REQUIRED ACTION: Starting at the line that contains "Welcome Medicos. Let's" and stopping after the line that contains "I was unable", transcribe the listing below exactly; do not include any pictures.

RECORDS Block Start

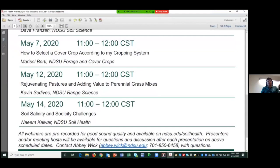Good morning everyone. My name is Naeem Calver and I am Extension Soil Health Specialist out of Langdon. With me is Dr. Abhi Wick, our State Soil Health Specialist, and Scott Swenson who is helping us with Zoom. Welcome to the NDSU Zoom Soil Health Webinar Series.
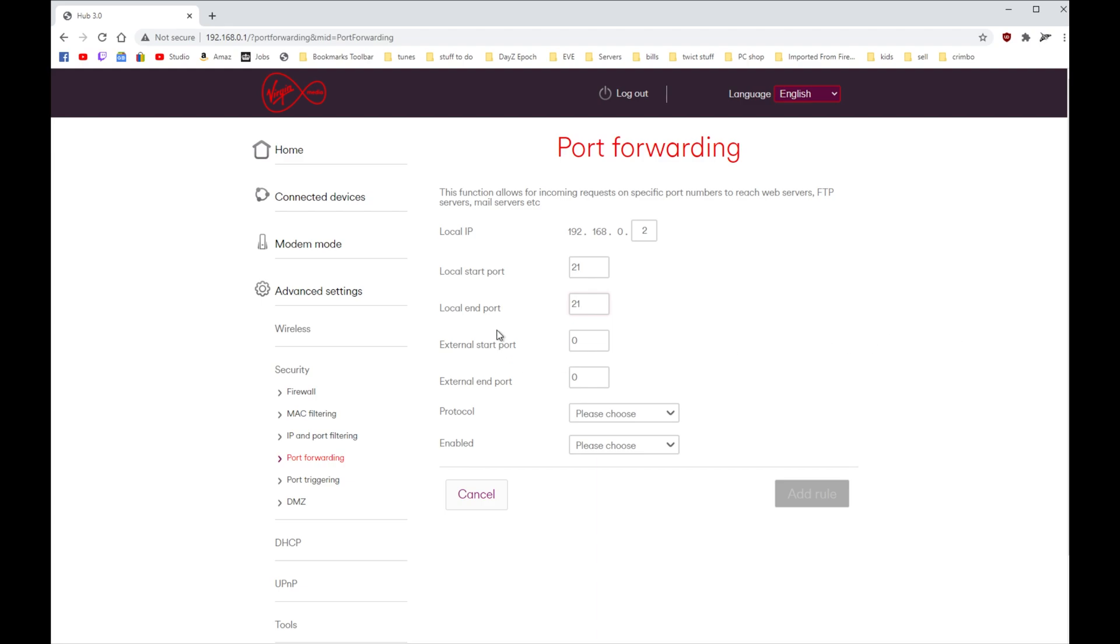So make sure you put the import in, but we're just using port 21. And external start but, yeah, you just leave that zero. Protocol - so normally this does it over TCP.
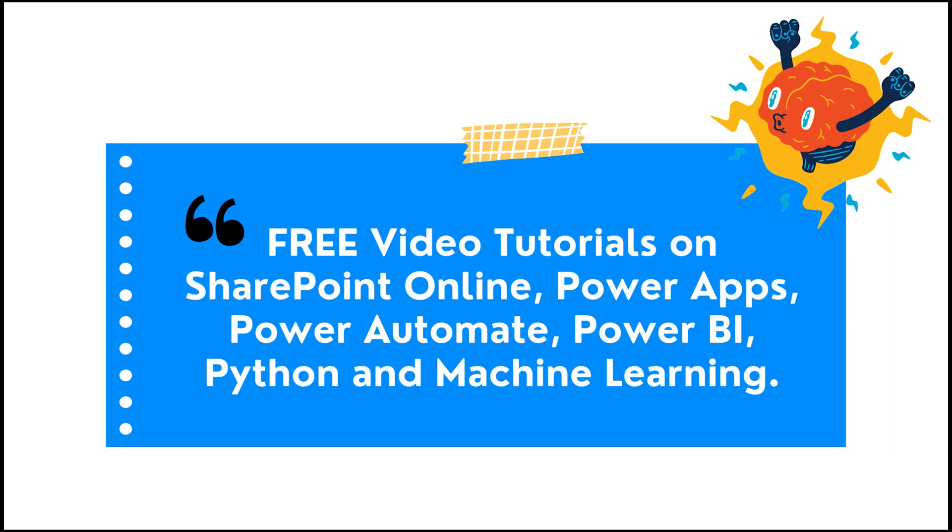I hope that you have enjoyed this video tutorial on how to create a view in PostgreSQL. So at last, I want to say, don't forget to subscribe to our YouTube channel and thank you.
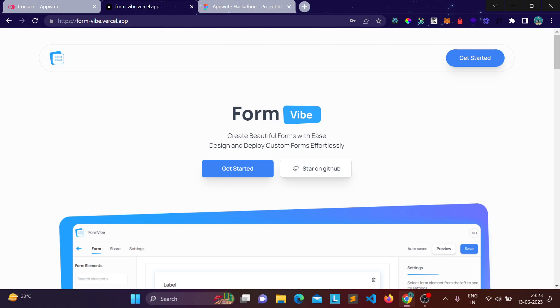Hello everyone, my name is Yitharth and in this video I'm going to demo my project which I built for the Appwrite Hackathon. It started three to four weeks back and its name is Formvibe.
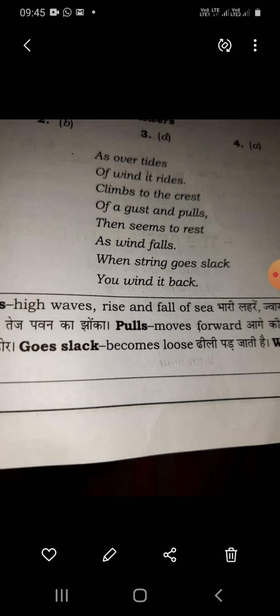As over tides of wind it rides, climbs to the crest of a gust and pulls, then seems to rest as wind falls. When string goes slack you wind it back, and run until a new breeze blows and its wings fill and up it goes.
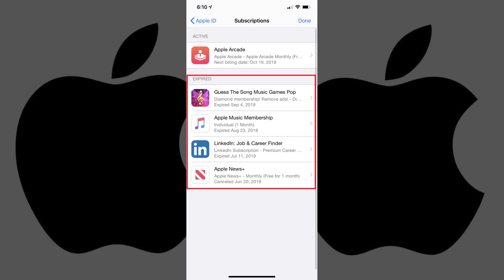Step 4. Tap the active iPhone subscription you want to cancel. In this example, I'll cancel my Apple Arcade subscription.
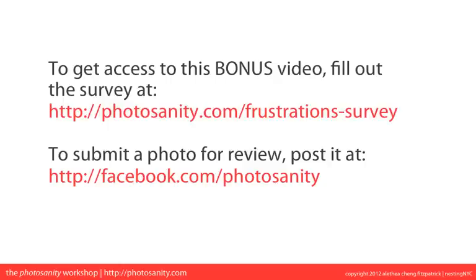So again, to get access to the bonus video with the homework review, fill out the survey at photosanity.com/frustrations-survey, and you'll receive a link to the video on Monday. What are you waiting for? Head on over there now. Thank you so much.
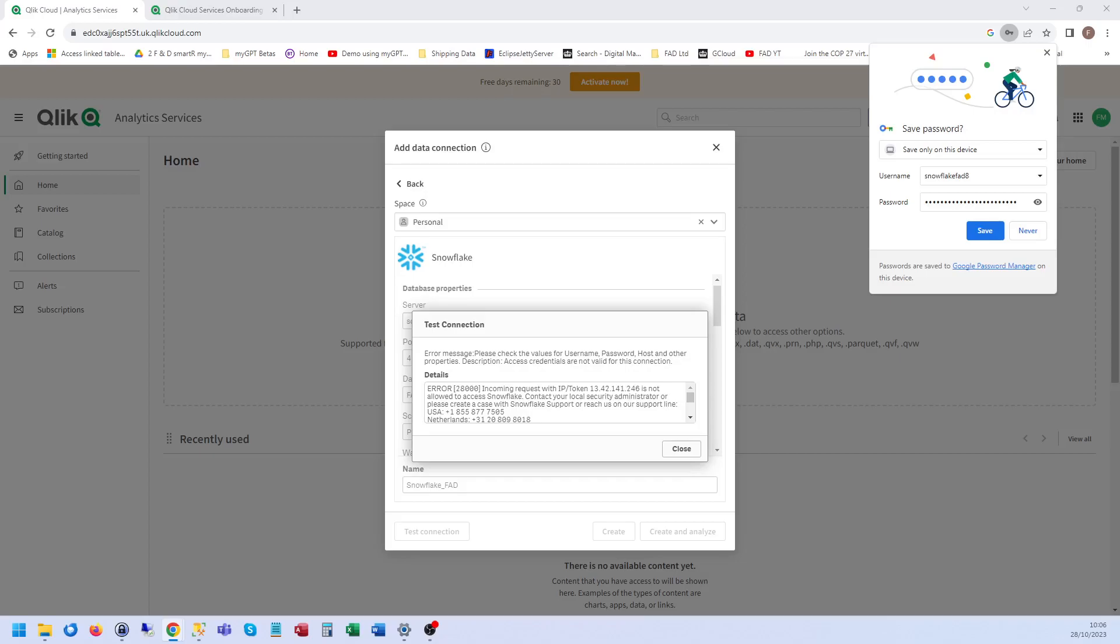Then if you've already got a policy set up, you can edit it, and then just add the IP address. So I'm going to copy this in to ours. I would share the screen, but it's sharing other stuff as well, so I won't do that. But if you're still stuck, you can always ask in the forum.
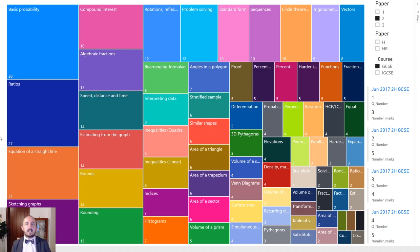This diagram in front of you is an overview of all of the topics and all of the marks available. Starting from the top left, we have basic probability which is worth about 30 marks across all of the papers for Paper 2H. Working your way downwards and to the right you'll see ratios, equation of a straight line, sketching graphs, etc. This overview shows how you should study — covering everything but focusing your attention more on those topics that are much more common.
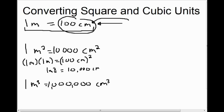The same idea applies with cubic units. As long as you remember that one meter is 100 centimeters, when you want to know what one meter cubed is, that means 100 centimeters cubed. So 100 times 100 times 100 — which is one million.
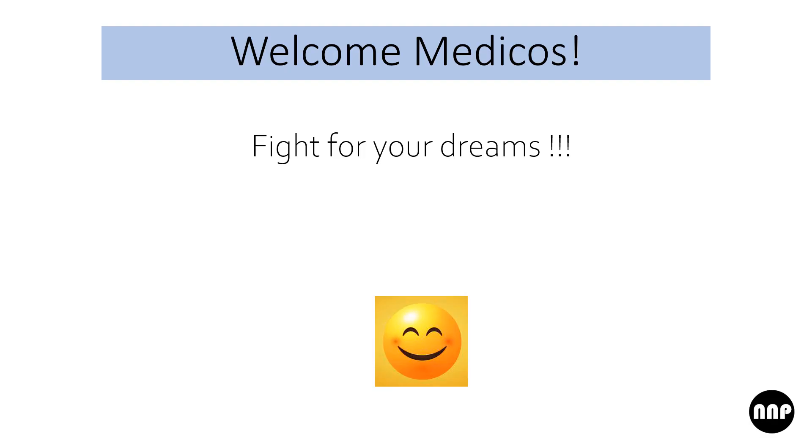Welcome Medicos. Let's begin with the code. Fight for your dreams. It's worth it.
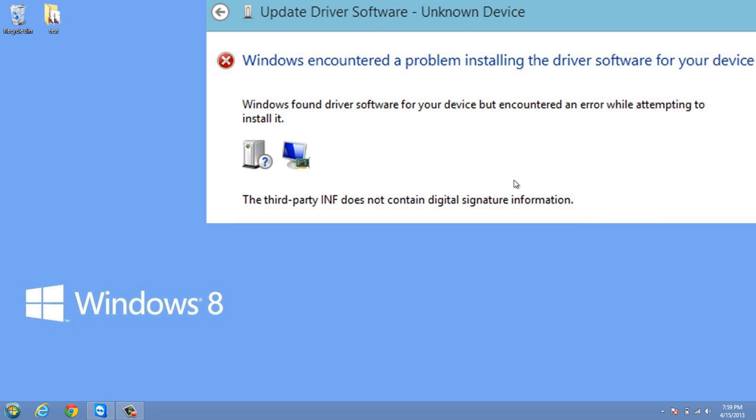I was unable to finish updating and installing this driver, and that device that I plugged into my Windows 8 computer I couldn't use it. It wouldn't work.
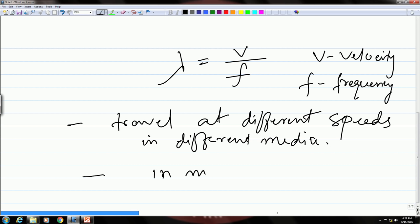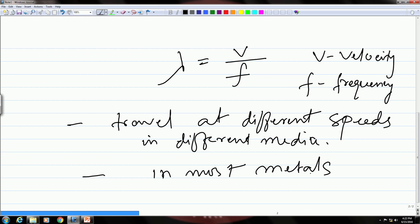In most metals, the velocity change with frequency is not very significant. These are some of the typical characteristics of ultrasonic waves.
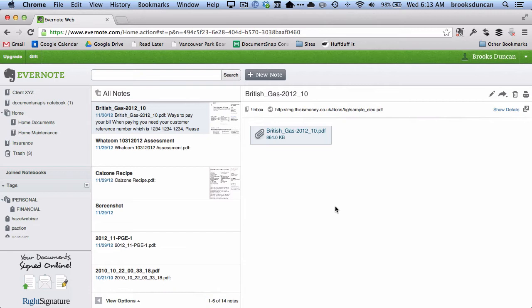Hey there, it's Brooks here from documentsnap.com. Today, by reader request, we're going to talk about how to tag Evernote notes using the Evernote web interface. It's not quite as intuitive as using the Mac or Windows clients, but here's how to do it.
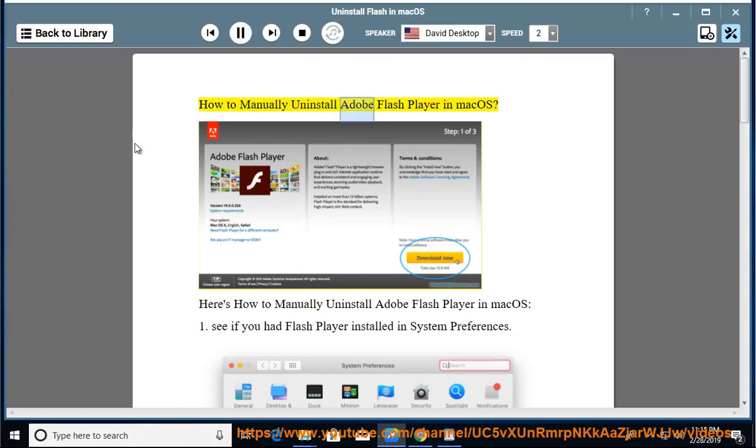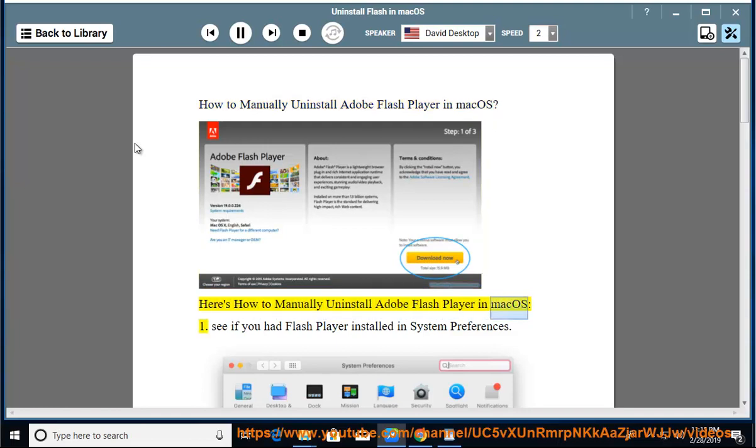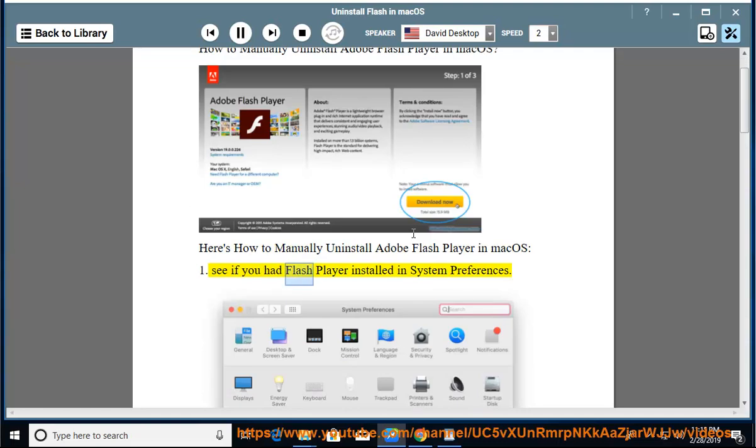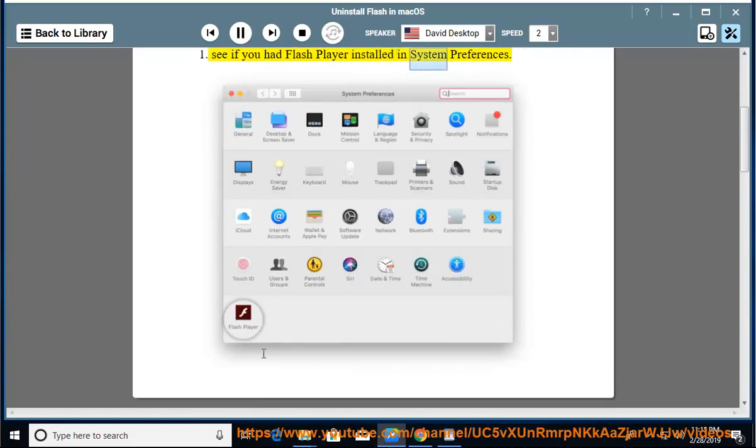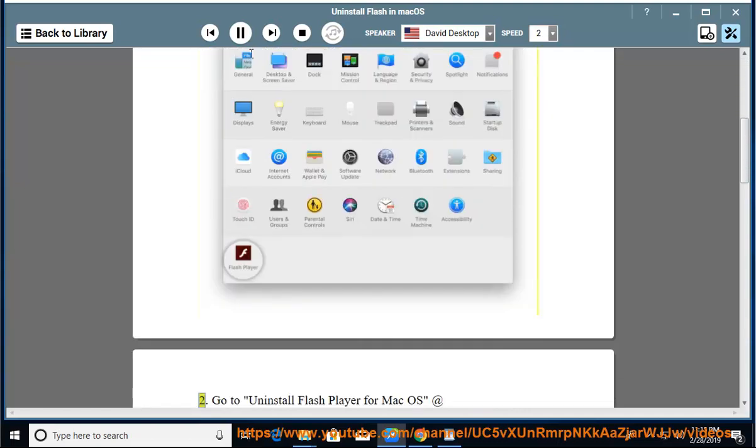How to manually uninstall Adobe Flash Player in Mac OS. Step 1: See if you have Flash Player installed in System Preferences.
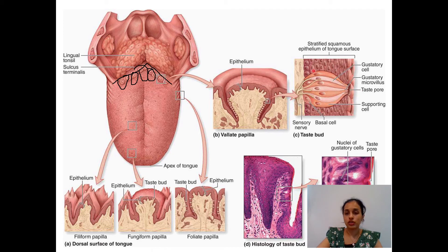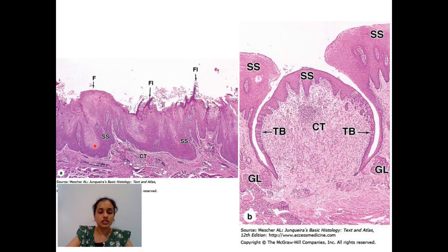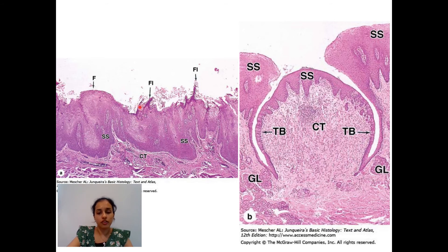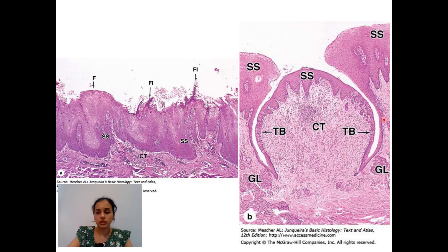This picture shows the structure of taste buds in higher magnification. In H&E staining, you can see different papillae: fungiform with a broad upper aspect, and filiform which is pointed or conical with keratin formation and stratified squamous epithelium. The circumvallate papillae picture shows stratified squamous epithelium, taste buds (TB), connective tissue (CT), and some salivary glands.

RECORDS Block End

ANSWER FOR THIS EXERCISE:
Welcome Medicos. Let's begin with the code. Fight for your dreams. It's worth it.
I was unable to finish updating and installing this driver, and that device that I plugged into my Windows 8 computer I couldn't use it. It wouldn't work.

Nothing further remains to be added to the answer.